Hitting the Ground Running

First port of call, the smart new Box Office on John street. Smiling helpfull staff who all looked about fifteen. Impressive advance media coverage on the walls and a striking external facade in blue, to lure in the punters.

Despite being a relative novice about Schubert and his works, both String Quartet No 13 ( Rosamunde ) and 14 ( Death and the Maiden ) had cadences and refrains that sounded familiar. For most of this 1st concert by Quatour Mosaiques I lent forward in my seat, drawn by some inexplicable force. Three words sum up what I enjoyed most about the works. Their delicacy, at other times their sumptuousness, but mostly their ability to invigorate. 

At the Festival launch in Butler House gardens, Eugene Downes was at his incisive and mellifluous best. Spotting Paul Fahy from Galway International Arts Festival amongst the guests, a stand off over Best Summer Arts Festival was mooted but happily never came to pass. It was great to see Hugh Canning, opera critic for the Sunday Times and Opera Magazine in attendance. Almost unrecognisable under a patrician beard, he'd swopped the Wexford formal regalia for a chic but casual summer look that Gustav Von Aschenbach would have envied. Also, it was delightful to see Veronica ( Ronnie ) Dunne, who has just successfully vaulted over the ninety year hurdle ( Congratulations ) and who was in as buoyant form as ever.
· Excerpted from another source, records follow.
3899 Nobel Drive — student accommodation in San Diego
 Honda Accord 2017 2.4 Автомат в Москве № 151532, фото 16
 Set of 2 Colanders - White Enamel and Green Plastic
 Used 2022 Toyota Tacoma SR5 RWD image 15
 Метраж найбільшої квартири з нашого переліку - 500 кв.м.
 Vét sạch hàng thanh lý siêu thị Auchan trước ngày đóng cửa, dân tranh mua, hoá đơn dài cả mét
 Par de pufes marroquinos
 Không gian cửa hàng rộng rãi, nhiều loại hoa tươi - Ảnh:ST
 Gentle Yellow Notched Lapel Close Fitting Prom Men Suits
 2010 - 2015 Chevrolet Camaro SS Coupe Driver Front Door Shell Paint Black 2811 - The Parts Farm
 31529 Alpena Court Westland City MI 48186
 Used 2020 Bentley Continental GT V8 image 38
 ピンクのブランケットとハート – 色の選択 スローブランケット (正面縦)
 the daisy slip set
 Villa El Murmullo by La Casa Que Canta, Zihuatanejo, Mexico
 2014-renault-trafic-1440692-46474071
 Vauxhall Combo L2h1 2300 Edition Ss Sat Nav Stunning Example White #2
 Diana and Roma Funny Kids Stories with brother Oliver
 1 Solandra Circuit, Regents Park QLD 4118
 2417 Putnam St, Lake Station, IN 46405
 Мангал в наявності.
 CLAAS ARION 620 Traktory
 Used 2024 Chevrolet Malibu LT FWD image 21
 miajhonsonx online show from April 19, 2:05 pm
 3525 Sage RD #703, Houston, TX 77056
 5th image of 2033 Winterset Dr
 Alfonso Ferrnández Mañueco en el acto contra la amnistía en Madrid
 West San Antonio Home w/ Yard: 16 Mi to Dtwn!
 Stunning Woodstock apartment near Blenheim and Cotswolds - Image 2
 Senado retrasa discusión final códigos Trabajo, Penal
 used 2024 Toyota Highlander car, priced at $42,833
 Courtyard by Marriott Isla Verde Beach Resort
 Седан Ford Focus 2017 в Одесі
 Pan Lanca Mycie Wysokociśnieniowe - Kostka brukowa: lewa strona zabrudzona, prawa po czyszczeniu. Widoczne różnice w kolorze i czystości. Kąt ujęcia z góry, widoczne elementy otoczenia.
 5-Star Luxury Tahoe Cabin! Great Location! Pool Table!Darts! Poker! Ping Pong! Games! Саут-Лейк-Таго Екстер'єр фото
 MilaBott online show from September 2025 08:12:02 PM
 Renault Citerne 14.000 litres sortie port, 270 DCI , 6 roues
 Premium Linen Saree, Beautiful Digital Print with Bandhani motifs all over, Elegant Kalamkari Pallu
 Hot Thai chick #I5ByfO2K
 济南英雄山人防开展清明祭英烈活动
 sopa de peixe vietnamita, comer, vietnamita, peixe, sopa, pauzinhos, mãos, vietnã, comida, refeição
Stand offs were well to the fore in Julius Caesar in Egypt. Despite a brilliant cast being fielded, it mainly came down to a thrilling vocal battle between Iestyn Davies as Caesar and Anna Devin as Cleopatra for top honours. Both reached their final destination of love and harmony, neck and neck. A tumultuous audience response seemed to agree. The orchestra under conductor Christian Curnyn was impeccable, and there were some exquisite and surprising aria accompanyments by violin, flute and horn. Referencing Death in Venice earlier, my only two experiences of countertenors are from Britten operas, the second being A Midsummer Night's Dream. Rather like that old chestnut about waiting hours for the number nine bus and then three turn up at once, Julius Caesar sported two more countertenors in equally splendid voice - Rupert Enticknap and James Hall.